How China’s biggest online influencers fell from their thrones
No one had foreseen just how fast three of China’s most powerful influencers would fall.
On June 3, Austin Li, a 30-year-old livestreamer with over 60 million followers on the Alibaba-owned e-commerce platform Taobao, abruptly cut off a stream after a tank-shaped ice cream dessert appeared on the screen. While he later posted that it was due to “technical difficulties,” most people understand it as having triggered government censors, who interpreted it as a reference to the anniversary of the June 4 Tiananmen Square protests and massacre. Li isn’t known to have been arrested, and his account remains active, but he hasn’t streamed or posted on social media since that day. Fans and observers suspect he may not be allowed to stream again.
In China, livestreaming e-commerce is a massive industry worth over $180 billion. Combining QVC-style TV marketing with the live interaction and convenience made possible by smartphones, these streams drew in 388 million Chinese viewers in 2020. It took the industry half a decade to hit its peak, and influencers like Li have risen to rival the popularity of A-list celebrities in China. They’ve been endorsed by the central government as innovators and job creators, and they have been known to facilitate billions of dollars’ worth of online purchases in one night.
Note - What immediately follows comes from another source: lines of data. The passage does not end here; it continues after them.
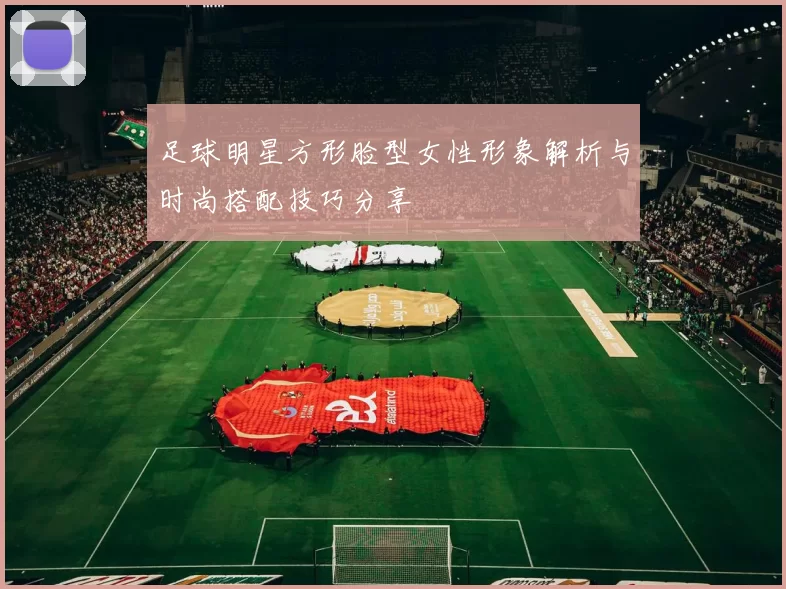 足球明星方形脸型女性形象解析与时尚搭配技巧分享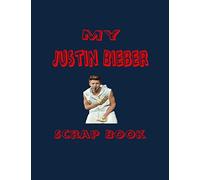 My Justin Bieber Scrap Book: Blank Pages for You to Fill (My Fan Book)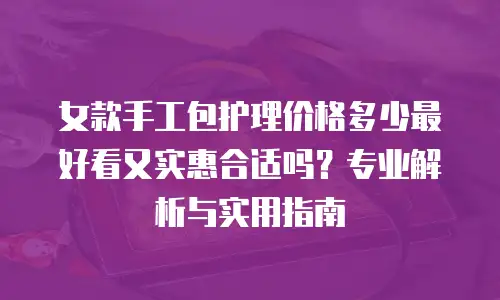 女款手工包护理价格多少最好看又实惠合适吗？专业解析与实用指南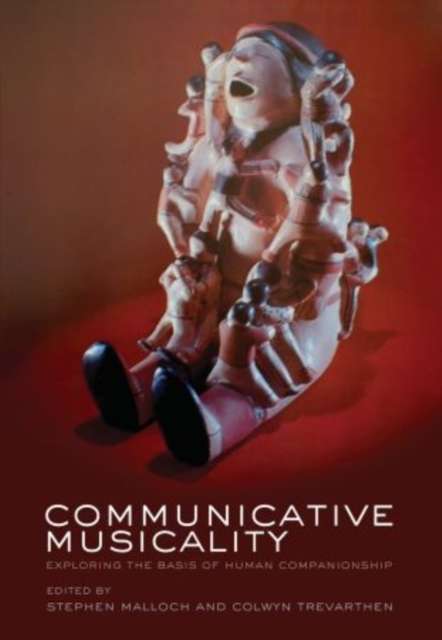 Communicative Musicality : Exploring the basis of human companionship, Paperback / softback Book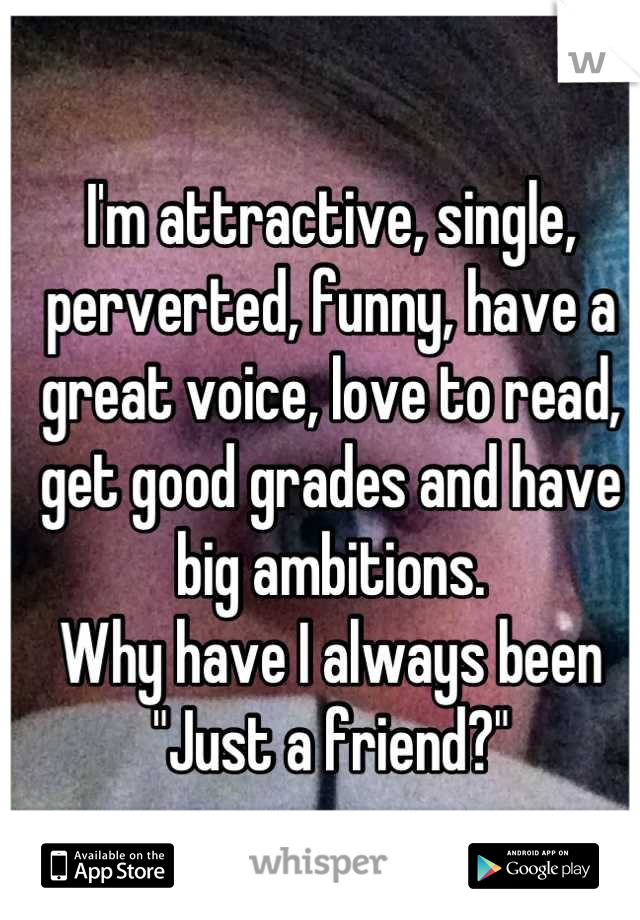 I'm attractive, single, perverted, funny, have a great voice, love to read, get good grades and have big ambitions.
Why have I always been "Just a friend?"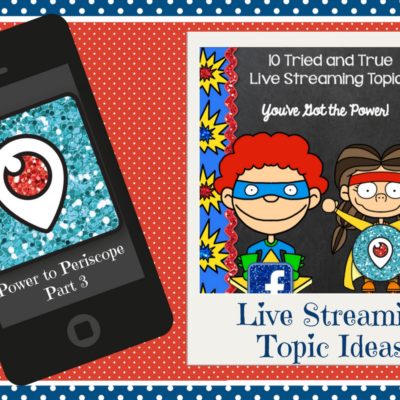 Power to Periscope Primer Part 3: Live Streaming Topic Ideas!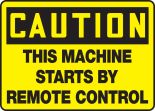 This Machine Starts By Remote Control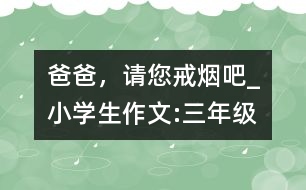 爸爸，請您戒煙吧!_小學(xué)生作文:三年級(jí)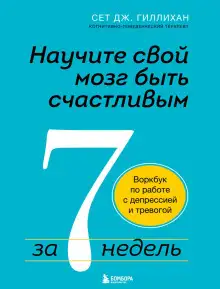 Обложка книги Научите свой мозг быть счастливым за 7 недель. Воркбук по работе с депрессией и тревогой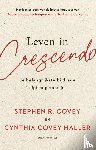 Covey, Stephen R., Covey, Cynthia - Leven in crescendo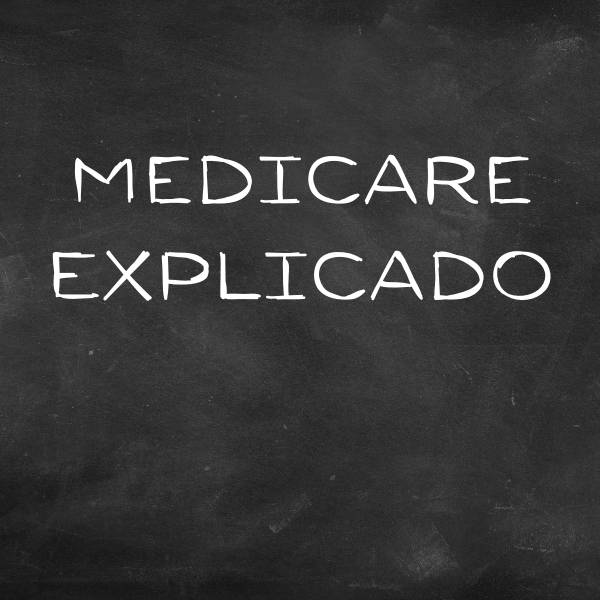 Medicare Explicado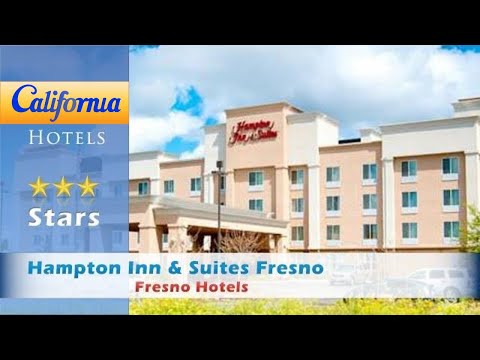 Hampton Inn & Suites Fresno, Fresno Hotels - California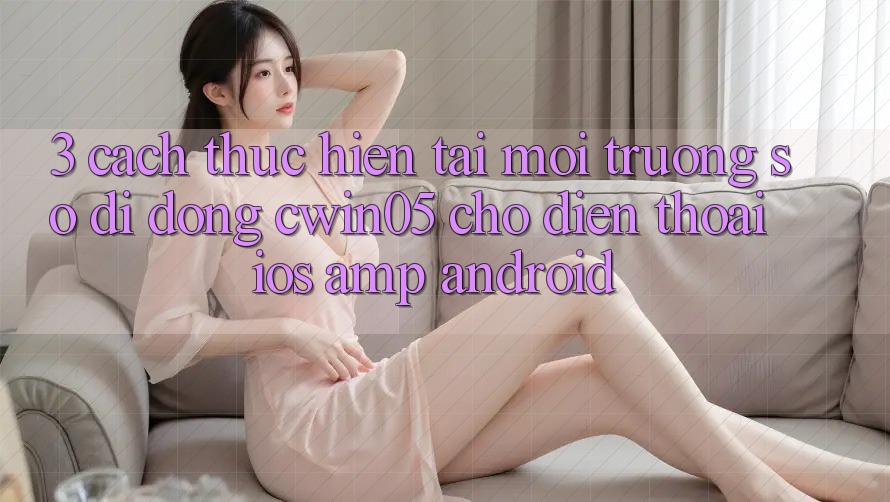 3. Cách thực hiện Tải Môi trường số di động cwin05 Cho Điện Thoại (iOS & Android) 3. Cách thực hiện Tải Môi trường số di động cwin05 Cho Điện Thoại (iOS & Android)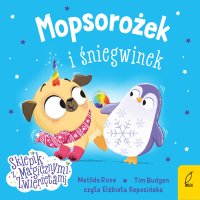 Sklepik z magicznymi zwierzętami. Mopsorożek i śniegwinek - Matilda Rose - audiobook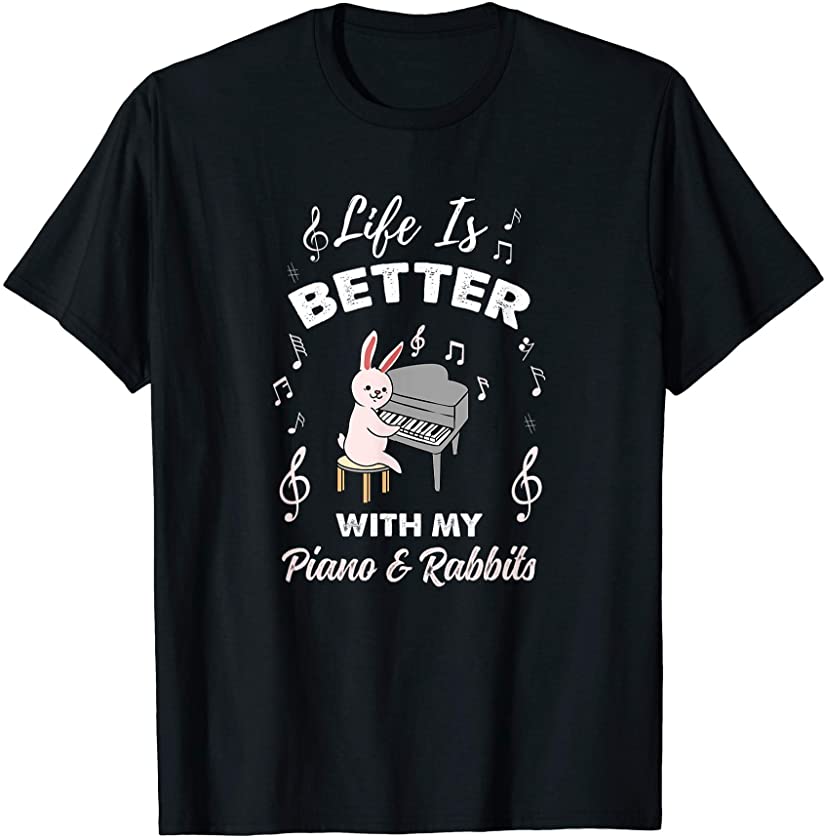 Life Is Better With My Piano And Rabbits T-Shirt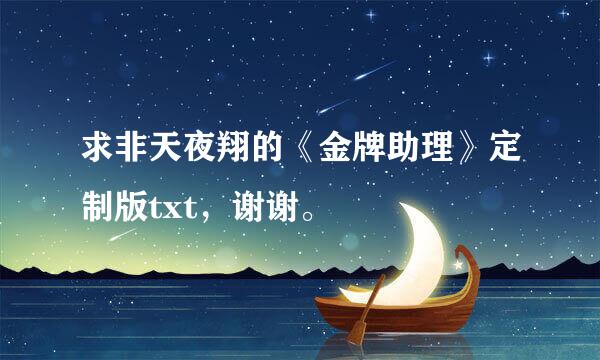 求非天夜翔的《金牌助理》定制版txt，谢谢。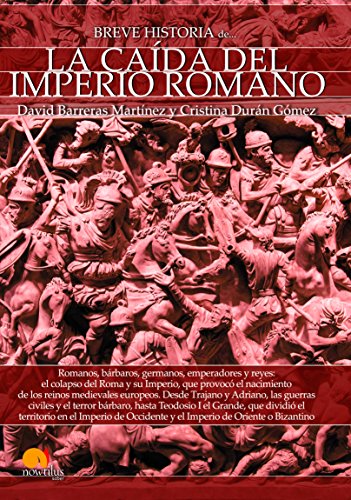 [9788499678986] BREVE HISTORIA DE LA CAÍDA DEL IMPERIO ROMANO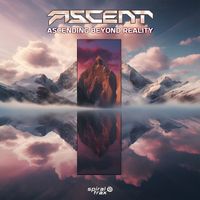 Ascent - Ascending Beyond Reality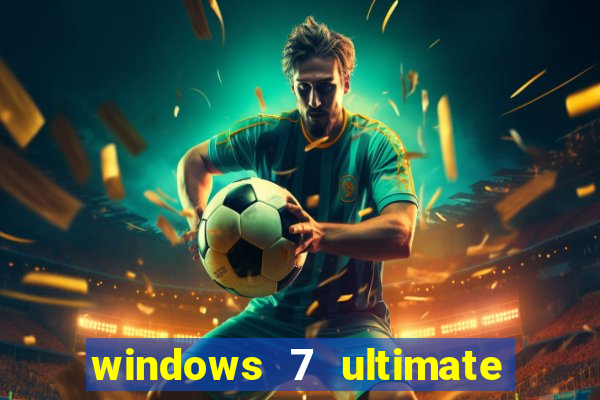 windows 7 ultimate 32 bits download iso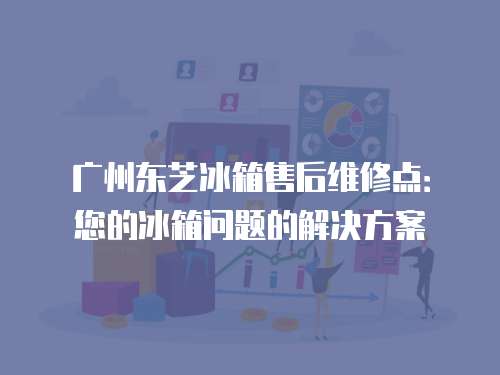 廣州東芝冰箱售后維修點：您的冰箱問題的解決方案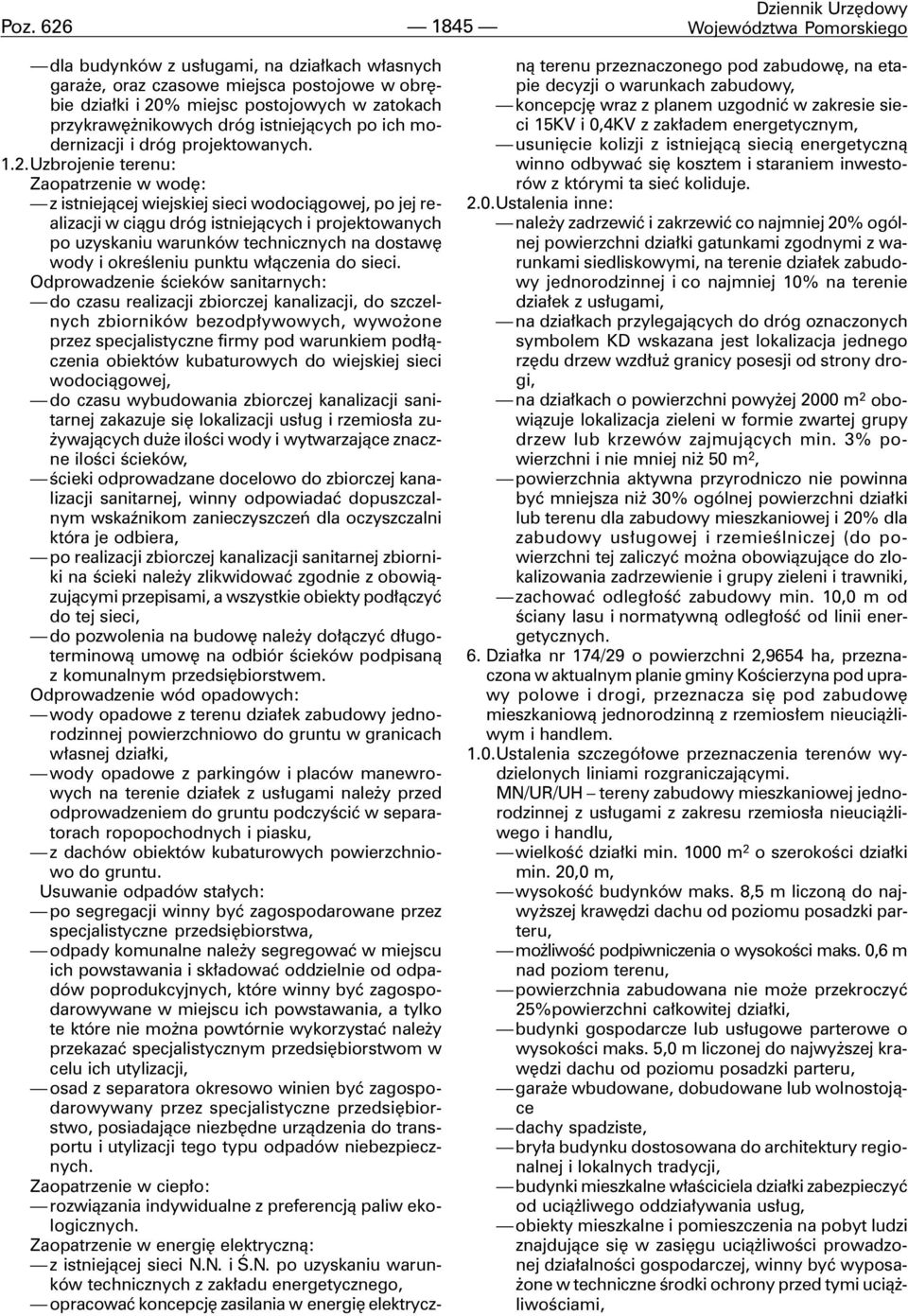 Uzbrojenie terenu: Zaopatrzenie w wodê: z istniej¹cej wiejskiej sieci wodoci¹gowej, po jej realizacji w ci¹gu dróg istniej¹cych i projektowanych po uzyskaniu warunków technicznych na dostawê wody i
Their status as retail rainmakers has given them immense power over sellers, including giant multinational corporations, influencing who gets featured and what prices should be.
But in Li’s and at least two other cases, these online empires were toppled overnight in what appears to be a government crackdown extending back to late 2021.
As 2021 was drawing to a close, Taobao’s most- and third-most-followed livestreaming influencers, Huang Wei (known as Viya online) and Zhu Chenhui (known as Cherie), were suddenly fined millions of dollars for tax evasion by a local tax authority in Hangzhou. Even after they each made public apologies, their Taobao accounts and other social media presence disappeared. They never livestreamed again.
Before that, influencers at their level were considered too big and too important for the tech platforms and the industry to turn against, but the harsh response suggested otherwise. The industry is still processing its aftermath. Austin Li, who survived the crackdown (he is said to have had clean tax records), was a major beneficiary of Huang and Zhu’s downfall, absorbing the traffic, attention, and business deals his peers left behind. That is, until this week.
The fall of these mega-influencers means a power reshuffle inside the industry, as the money and attention they commanded could now be diverted to smaller players. Taobao, the platform where most of these activities take place, also started a campaign in January 2022 to help small and midlevel influencers with cash rewards and traffic support.
And the events have changed the overall dynamics between influencers and brands. For one thing, the deep discounts that customers used to get through big-time influencers aren’t likely to remain if brands are making deals with livestreamers who have much smaller followings. And instead of relying on influencers’ huge reach, many brands are now building their own livestreaming channels. “This might be good news for brands, as customers might go to their self-operated live sessions,” says Jialu Shan, a research fellow at the Global Center for Digital Business Transformation, “but definitely bad news for customers, as they can’t enjoy the cheap deals which only livestreamers like Li and Viya can bring.”
The top influencers’ fate is also a clear signal that livestreaming e-commerce cannot escape government scrutiny. “Big-name celebrity KOLs (Key Opinion Leaders) have evolved into a huge business and are now essential in e-commerce. But along with multimillion-dollar paydays and high visibility comes the risks of microscopic scrutiny and social media blowback,” says Franklin Chu, the US managing director of marketing company Azoya International, which has worked with Austin Li in the past.
Along with tax responsibilities and content censorship, livestreaming e-commerce influencers are also dealing with increasing regulations that hold them accountable for things like product quality control, proper reporting of their sales numbers, and minors’ participation in livestreams. Since 2020, the government has released multiple regulatory documents that address different aspects of the business, putting the industry under close watch.
While influencers like Huang and Zhu have disappeared from the internet, their marketing and business teams are struggling to remain in the industry. Their assistants have become influencers themselves, claiming they are no longer involved with the companies that supported their celebrity former bosses, but Chinese media have reported that it’s pretty much still the same teams involved.
If that tank-shaped ice cream appearance does turn out to end Li’s career, this is probably what his company, Meione, will do too. But no statement has been made by his team, the tech platforms, or the regulator yet, leaving an anxious waiting game for millions of his fans. They won’t be the only ones rejoicing if he can return to his daily livestreams: the sellers and marketing agencies who have benefited from his popularity will join them. “Azoya has worked with him successfully in the past and likely would do so again, assuming there are no dramatic declines in his marketing effectiveness,” says Franklin Chu.